Please check my proof: Prove that the set, upper half unit circle, $S=\{(x,y) \in \mathbb{R}\times\mathbb{R} : y=\sqrt{1-x^2}, y>0\}$ has cardinality of $\mathfrak{c}$.
Edited with my updated work.
Define S by ${(x,y) \in \mathbb{R}\times\mathbb{R} : x \in (-1, 1), y^2+x^2=1}$ Then $f: (-1, 1) \to S$ given by $f(x)=(x,\sqrt{1-x^2}, y>0)$. Then $(1-x)(1+x)>0$. So $(1-x)>0$ and $(1+x)>0$ or $(1-x)<0$ and $(1+x)<0$. Thus, $-1<x<1$ and $x\in (-1, 1)$.
Then let $x, y \in (-1, 1)$ and $f(x)=f(y)$ which implies $(x, \sqrt{1-x^2})=(y, \sqrt{1-y^2})$. Thus $x=y$. Therefore, $f$ is one to one.
Then let $(x, y)\in S$. So $y=\sqrt{1-y^2}$ and $x\in (-1, 1)$. Then $f(x)=(x, \sqrt{1-x^2}=(x, y)$. Thus $f$ is onto.
Therefore $S$ is equivalent to $(-1, 1)$ and by the Theorem, every open interval is uncountable and has cardinality $c$.
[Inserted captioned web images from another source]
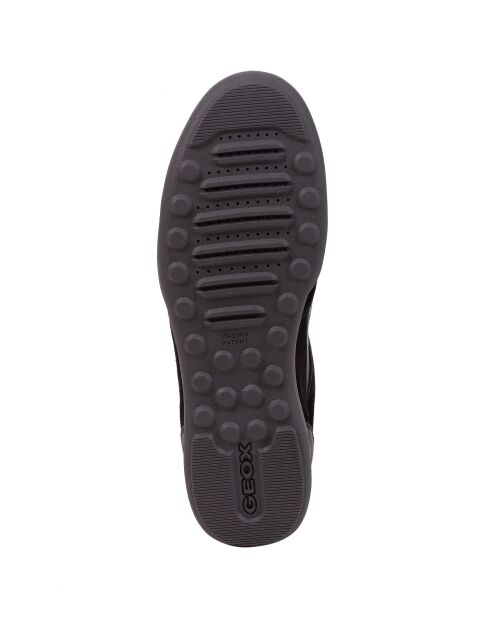 Sneakers Metodo noirs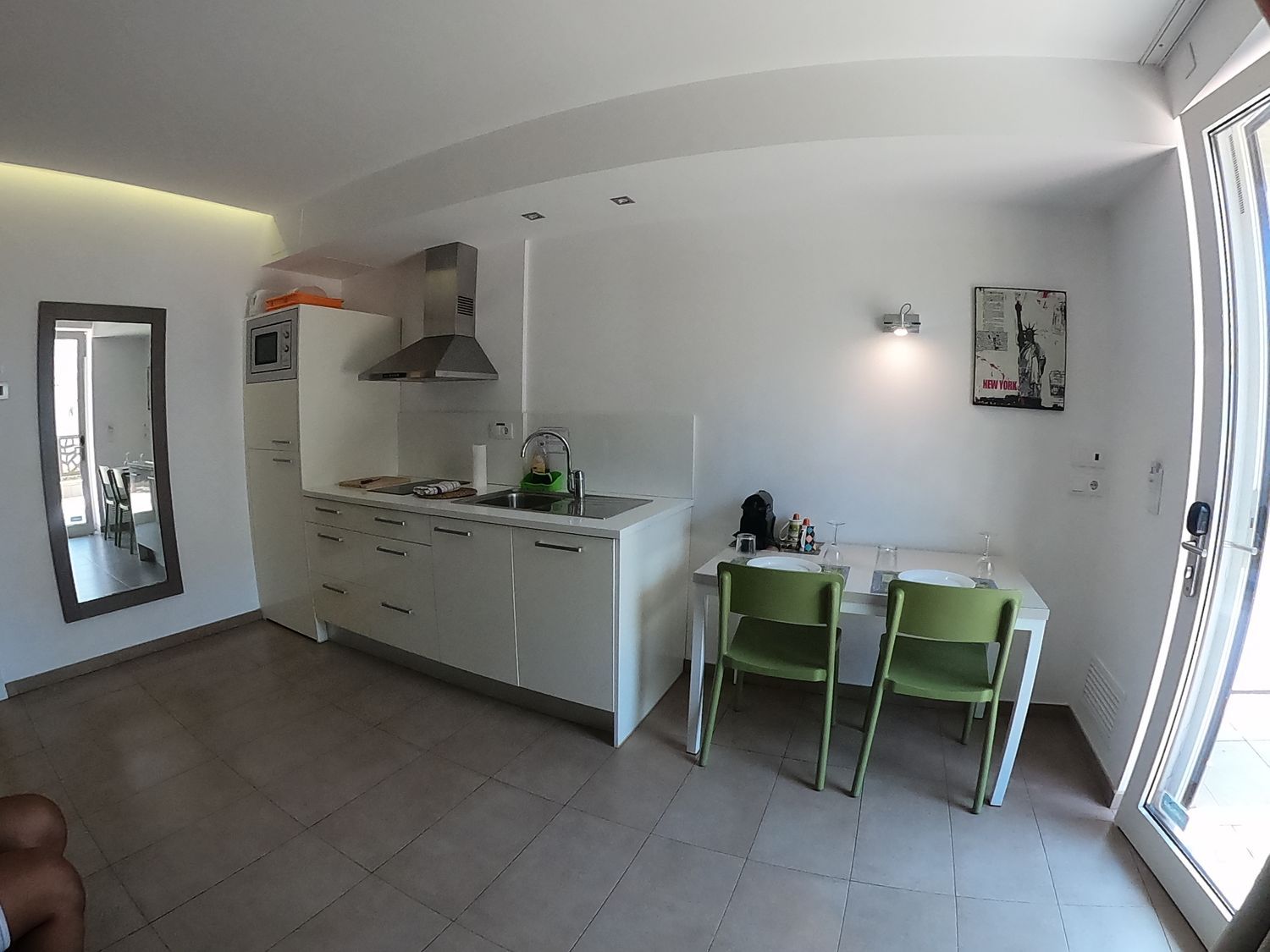Estudio en Calle de Josep Soler Tasis, 13, Ametllers-Poble Sec-Ca L'Antoniet, Ametllers-Poble Sec-Ca L'Antoniet - Foto 6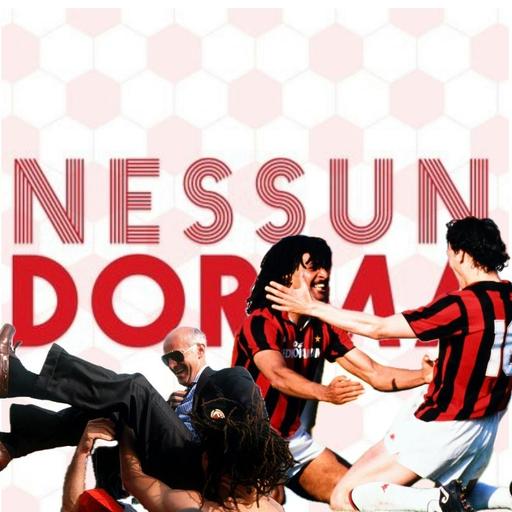 Season 1987/88 Episode 5 - Sacchi's Milan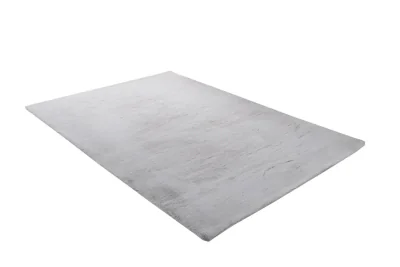 Covor Heinner Shaggy soft blanita Gri  200x300 cm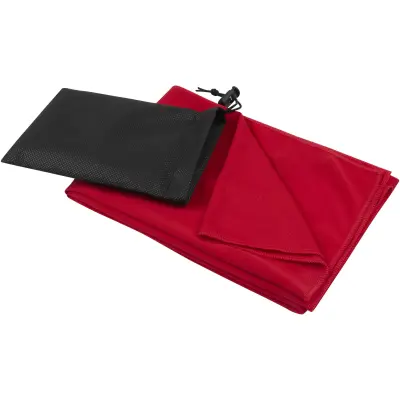 Asciugamano sportivo 50 x 100 cm Lucas - Immagine 7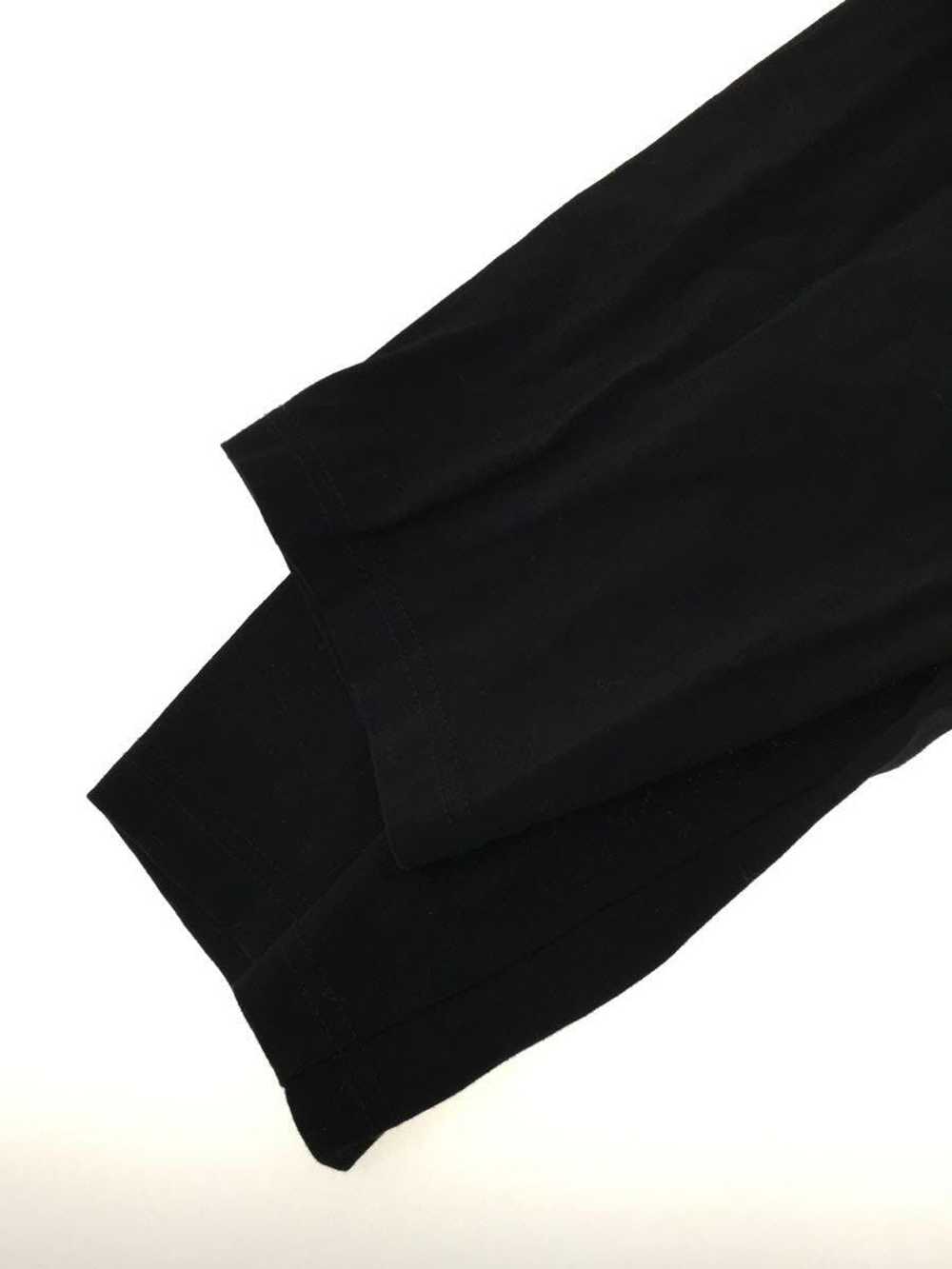 Yohji Yamamoto Yohji Yamamoto Pour Homme Cotton L… - image 3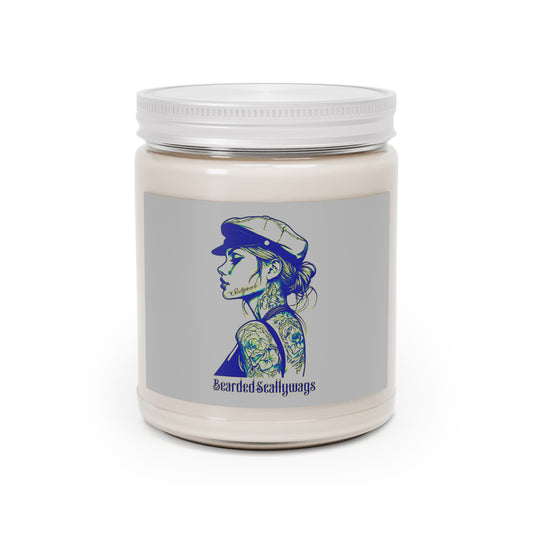 Scented Candles, 9oz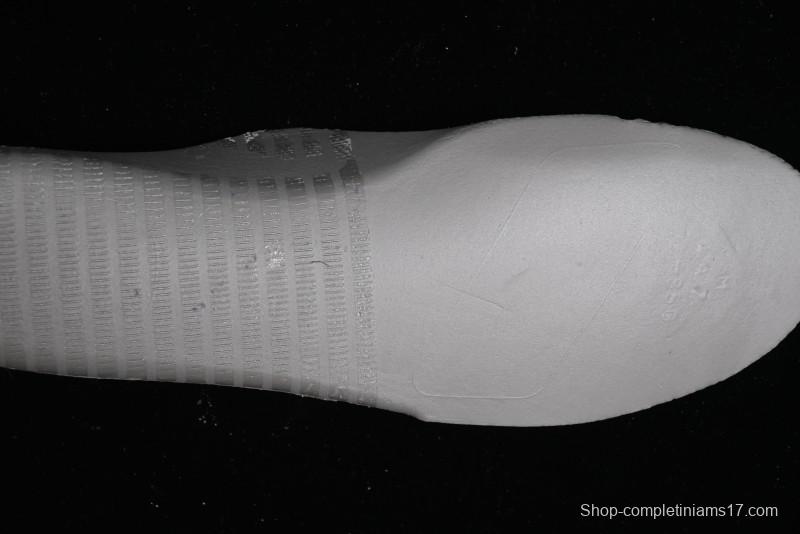 Stussy x Nike Air Force 1 '07 Low Retro Casual Sneakers with Reflective Military Purple - UN1635-222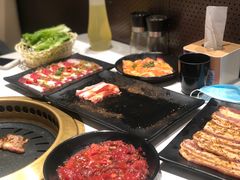 -花味烤肉·拌饭(庐阳万科店)
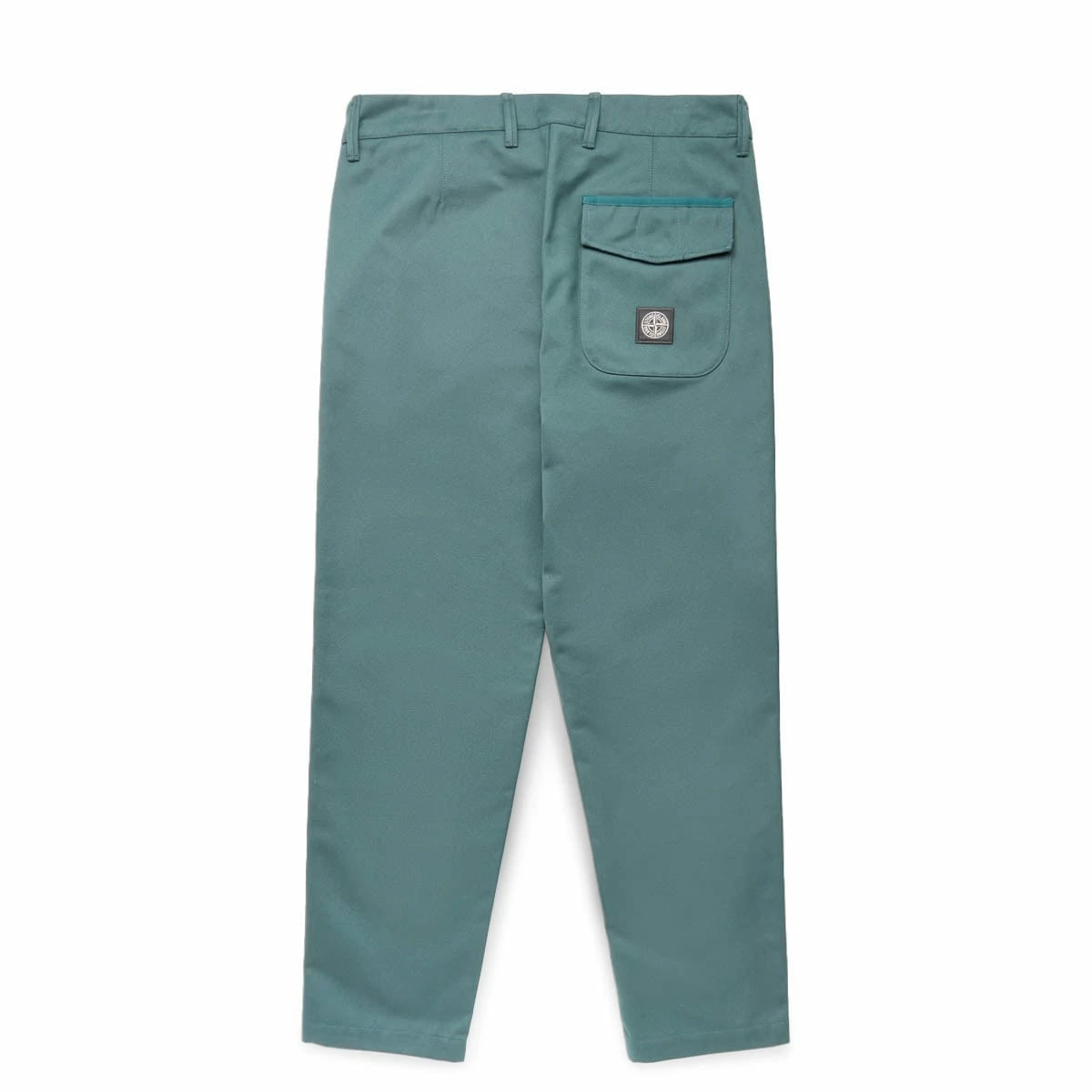 Stone Island WORKWEAR R-GABARDINE PANTS 781532128 4 Stone Island WORKWEAR R-GABARDINE PANTS 781532128 - Image 2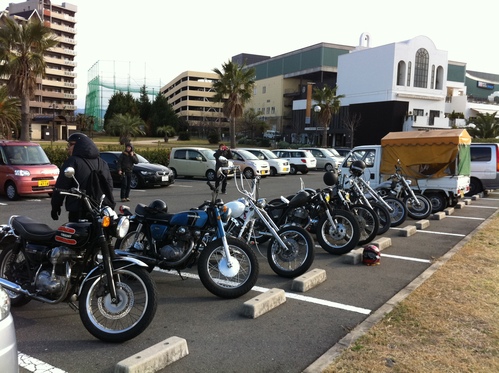 1月3日の初ツーリング_a0164918_12322734.jpg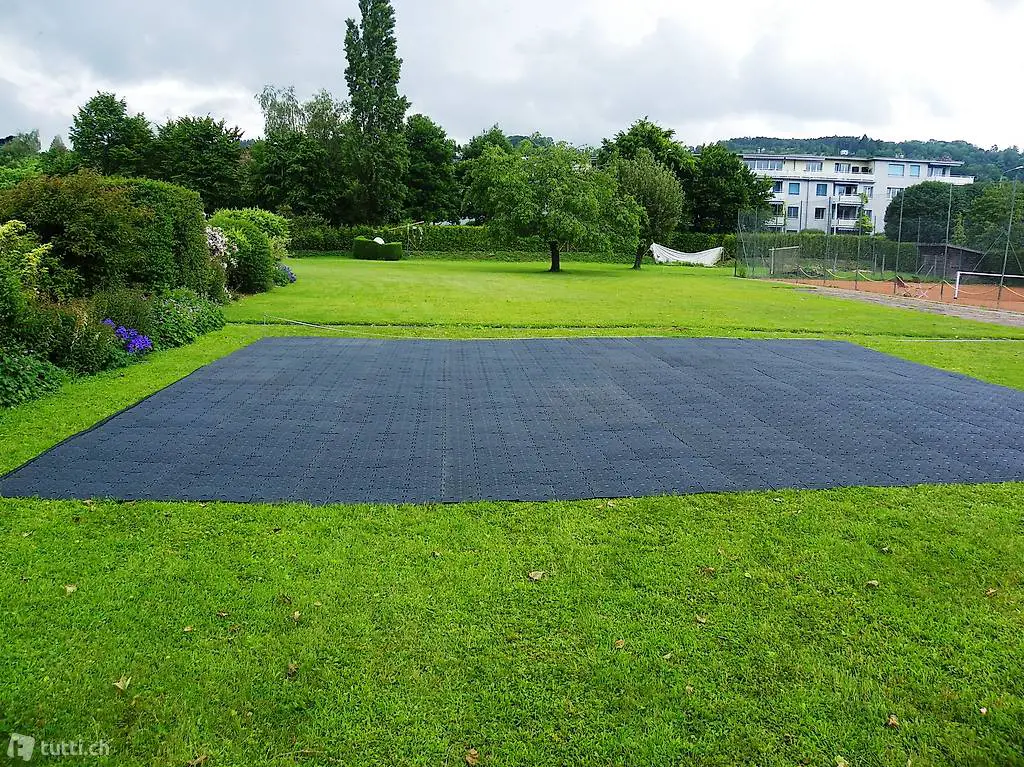  Event Boden zu vermieten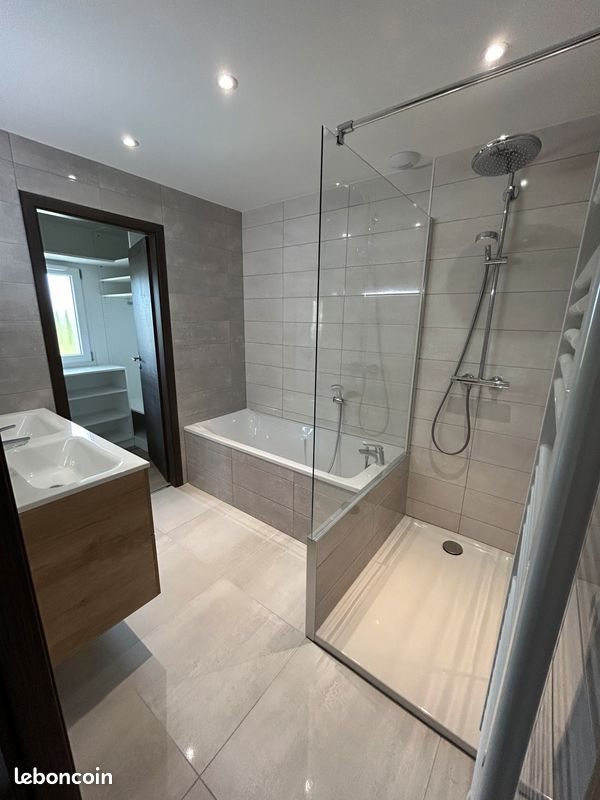 Appartement à louer, 90m², Bethonvilliers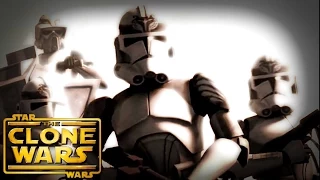 Clone Trooper Tribute-My Demons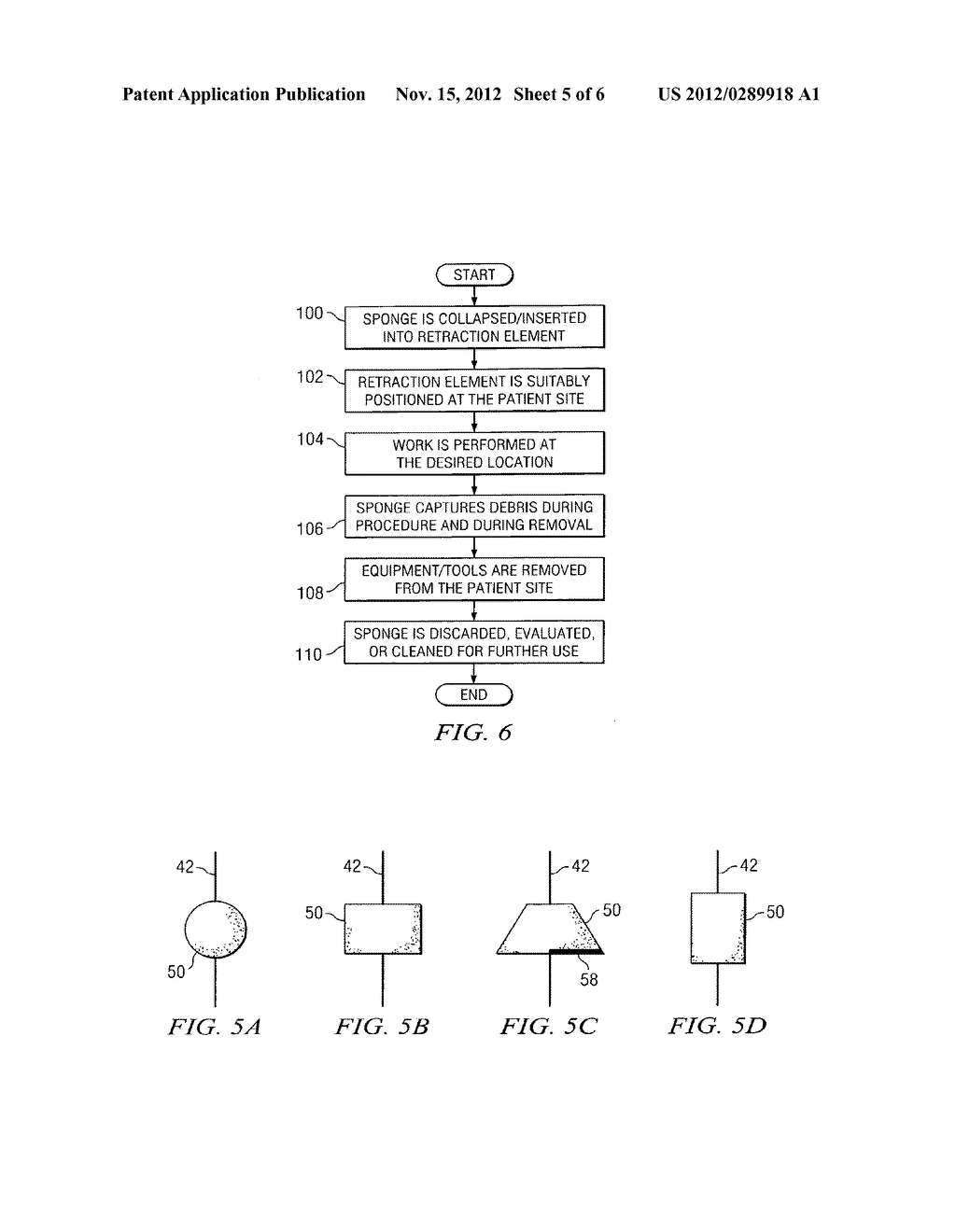 SYSTEM AND METHOD FOR PROVIDING EMBOLIC PROTECTION - diagram, schematic, and image 06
Your $f:\mathbb R\to S$ is not a function as it is not well-defined.
Hint to get the bijection required:
You have upper half of a circle, drop a perpendicular from a given point on the circle to $x-$ axis. (Draw it! think of it as projecting the half circle to $x-$ axis) It should give an idea that your $S\sim (0,1)$. Can you write the bijection now? I'm adding it here as a spoiler.
And $(0,1)\sim \mathbb R$ as you have a bijection $h:(0,1)\to \mathbb R$ defined by $h(x)=\tan (\pi(x-\frac 12))$
Now using the transitivity of similarity of sets, can you take it from here?